[openib-general] Re: OpenSM Routing Algorithms Scalability and Enhancements

Mon Sep 26 08:52:23 PDT 2005

Hi Eitan,

I finally got a chance to read this over. Here are some comments:

On Tue, 2005-09-06 at 15:18, Eitan Zahavi wrote: 
> Hi All,
> 
> As we are about to start working on the fast routing algorithms,
> here is the writeup about proposed algorithms for your review.

This appears to be an update to what was publshed last May.

> The plan is to start development once the merge of 1.8.0 into the
> trunk is done.

> 
> ______________________________________________________________________
>               OpenSM Unicast Routing Enhancements for Scalability
>              =====================================================
> 
> Authors:Eitan Zahavi <eitan at mellanox.co.il>, Yael Kalka <yael at mellanox.co.il>
> Date:   Aug 2005.
> 
> Table of contents:
> 1. Overview
> 2. Notation
> 3. Current Algorithms
> 4. Proposed Routing Algorithms
> 5. Min Hop Tables Implementation
> 6. Incremental Routing
> 7. Routing Persistancy
> 
> 1. Overview:
> --
> 
> OpenSM currently uses a two stage routing algorithm for unicast
> forwarding tables calculation. As shown later these algorithm are
> O(N^3). Inspected run time of OpenSM routing stage was ~2.5min on 1100
> nodes cluster.

On what processor architecture (and what speed was the CPU) ? Also
how much memory was in that machine (memory consumption of OpenSM) ?
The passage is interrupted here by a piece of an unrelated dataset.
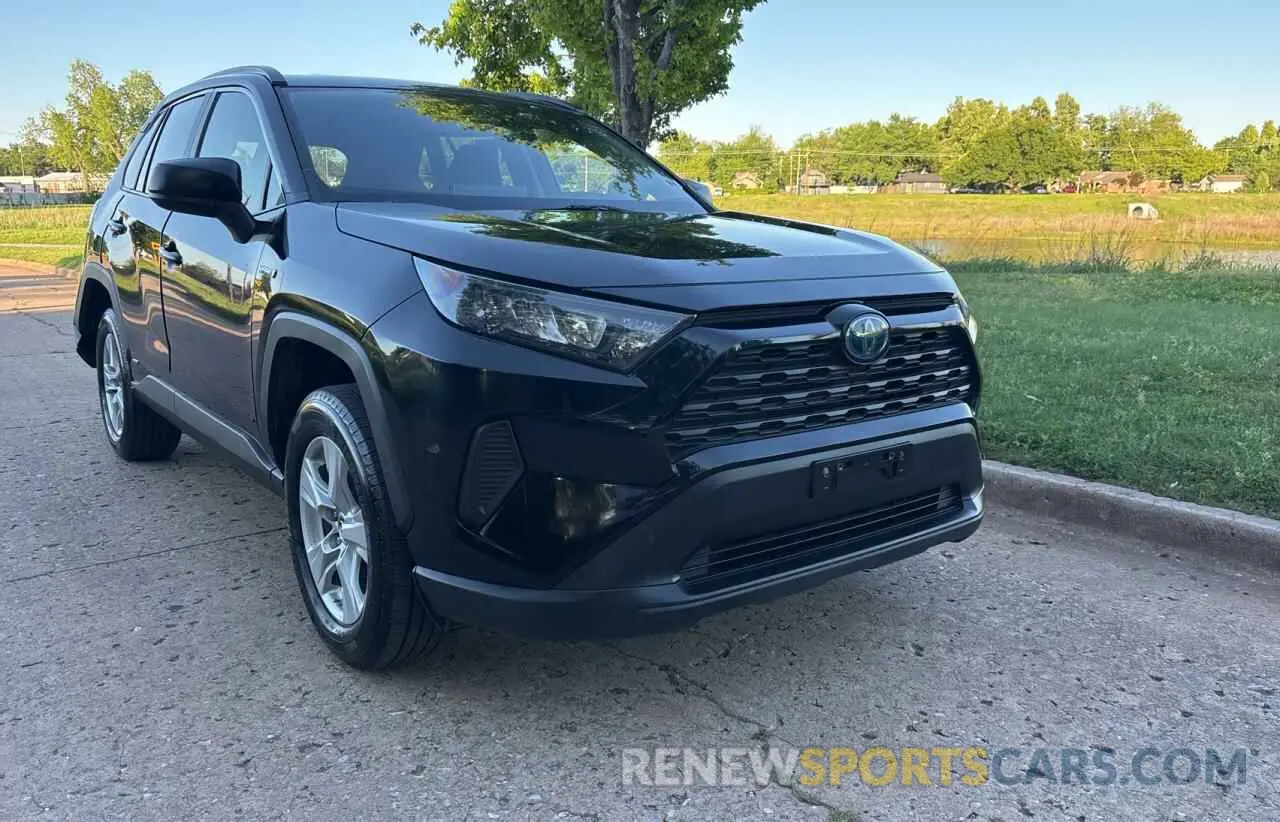 1 Photograph of a damaged car JTMLWRFV4KD512035 TOYOTA RAV4 2019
>  The purpose of this memo is to present the community
> the proposed work for enhancing OpenSM routing engine.
> 
> 2. Notation:
> --
> The following notations are used throughout this document:
> S = Number of switch devices in the system
> P = Number of ports each switch node has
> H = Number of HCA ports connected to the fabric
> L = Number of HCAs connected to each Leaf switch device. 
>     Normal values are 1/2P to 3/4P

Is L the proportion of leaf switch ports connected to HCAs rather than
to other switches ? That's what it looks like from 1/2P -> 3/4P.

> D = Fat Tree depth
> 
> 3. Current Algorithms:
> --
> OpenSM provide two routing algorithms: Minimal Hop and Up/Down. Both
> of them do not scale with cluster size and can consume both large run
> time (minutes) and memory (GB). This section provides meta code for
> these algorithms and order calculation.
> 
> 3.1 Min Hop algorithm analysis:
> The Min Hop algorithm is divided into two stages: computation of
> min-hop tables on every switch and LFT output port assignment. 
> 
> Step 1: Computation of Min-Hop Tables on each switch
> 
> The memory consumed is S*(S+H)*(P+2)*Byte. On 10K nodes cluster with
> 2500 switch devices this ends up as 812M-Byte (using LMC=0).
> 
> Meta algorithm:
> For each HCA mark its remote neighbor switch port with hop 1.
> For each switch mark itself port 0 as hop 0
> While changes 
>   For each switch  
>      For each port 
>        For each LID 
>          Propagate remote port hop as hop +1 if smaller or undefined
> 
> The order of this step: O(S*P*(S+H)*(D+1))
> 
> Step 2: Assigning output port:
> For each switch 
>   For each LID 
>      For each Port 
>         Is it the one with min count
> 
> The order of this step: O(S*(S+H)*P)
> 
> 3.2 Up/Down algorithm analysis
> The Up/Down algorithm depends on the ability to rank the fabric nodes
> from root to leaf of the tree. To get that ranking it runs a
> heuristics that is based on the Min Hop tables. So the memory and 
> complexity are identical to the Min-Hop first step to start with.
>  
> Once ranking is performed the algorithm is BFS from every HCA and fill
> in the Min Hop tables again. Up/Down traversal rule is enforced during
> the BFS such that only valid turns are allowed.
> 
> Meta algorithm:
> For each HCA 
>   Get connected Switch 
>      For each Switch in NextSwitches 
>         For each Port 
>            Check if direction is OK. Check if not visited
> 
> The order is O(H*S*P)
> 
> To finalize output port assignment the second step of the Min Hop
> algorithm is invoked. 
> 
> 
> 4. Proposed Algorithm:
> --
> 
> Inspecting the routing problem we have noticed the following
> attributes:
> a. Using Min-Hop tables for keeping intermediate routing information
>    has a disadvantage in terms of memory consumption. However, any
>    incremental routing algorithm (for handling fabric changes after
>    first setup), or routing persistence solution could use this
>    information and gain speed.
> b. Since we need to fill in LFT tables that are of the order S*(S+H)
>    the algorithm is lower bounded by O(H^2).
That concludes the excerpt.